Exercise brief |
In the copy, keep every line below as it is and leave out the pictures.

The data |
::::::::::

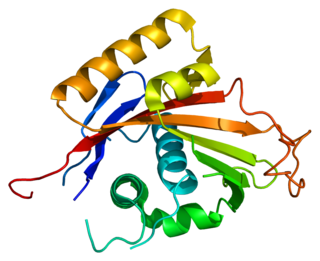 ATP1A2 Protein-coding gene in the species Homo sapiens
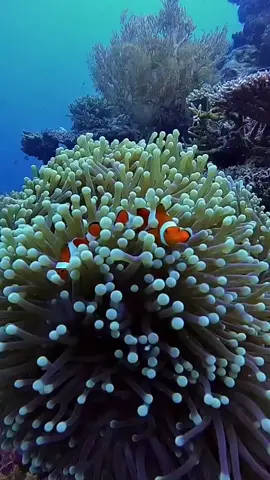 nemo in gili trawangan🐟🐟 #fypシ゚viral  #snorklingtrip  #gilitrawangan  #สปีดสโลว์  #coralandfish  #mengkanesoundnya🤙  #virallomboktiktok  #fypシ 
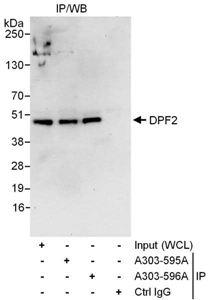 A303-595A | Rabbit anti-DPF2 Antibody, Affinity Purified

::::::::::

Response box |
 ATP1A2 Protein-coding gene in the species Homo sapiens
 nemo in gili trawangan🐟🐟 #fypシ゚viral  #snorklingtrip  #gilitrawangan  #สปีดสโลว์  #coralandfish  #mengkanesoundnya🤙  #virallomboktiktok  #fypシ 
 A303-595A | Rabbit anti-DPF2 Antibody, Affinity Purified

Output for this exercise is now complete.